Hey fellas, wondering how to manually rotate the engine on a john Deere 4030. Need to find TDC on injection pump. Thanks


----------



## jhngardner367 (Apr 5, 2011)

When you do,be very careful!
Make sure the fuel is shut off !
Use a type of tool that will ratchet,in case the engine fires!


----------



## sixbales (May 18, 2011)

Find a socket that fits the nut on the crankshaft pulley. Then feed extensions through the crankshaft hole (where the front-mount hydraulic pump drive shaft would go). Put a ratchet on the end. Turn the engine clockwise.


----------



## bc8774 (Mar 5, 2015)

There is an existing hydraulic pump attached to the crankshaft pulley. No place to put a socket.


----------



## bc8774 (Mar 5, 2015)

Manually rotated crank shaft with roosa master fuel injection pump timing window removed. Single fixed line and single line on rotating piece.

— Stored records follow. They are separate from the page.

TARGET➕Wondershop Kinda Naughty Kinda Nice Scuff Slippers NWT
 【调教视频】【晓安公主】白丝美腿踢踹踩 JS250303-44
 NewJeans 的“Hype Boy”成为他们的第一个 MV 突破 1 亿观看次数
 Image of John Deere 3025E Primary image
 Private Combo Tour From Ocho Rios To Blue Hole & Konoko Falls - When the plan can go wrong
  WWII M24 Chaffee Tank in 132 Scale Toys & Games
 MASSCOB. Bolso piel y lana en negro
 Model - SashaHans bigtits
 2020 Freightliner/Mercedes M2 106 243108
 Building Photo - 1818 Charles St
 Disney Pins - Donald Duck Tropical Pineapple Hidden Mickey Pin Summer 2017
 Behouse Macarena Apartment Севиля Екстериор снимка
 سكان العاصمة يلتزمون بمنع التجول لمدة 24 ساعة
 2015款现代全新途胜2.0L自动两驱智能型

They now line up. Is this the indication for TDC?


----------



## Fedup (Feb 25, 2014)

Not necessarily. Look for a small cover plate on the bell housing, probably on the right side. That's where it's shown in my 30 series book. Under it will be an access hole to view a portion of the flywheel, and a pointer. There should also be a strip of timing degree marks visible through the opening whenever the crankshaft is near/at TDC on #1.


----------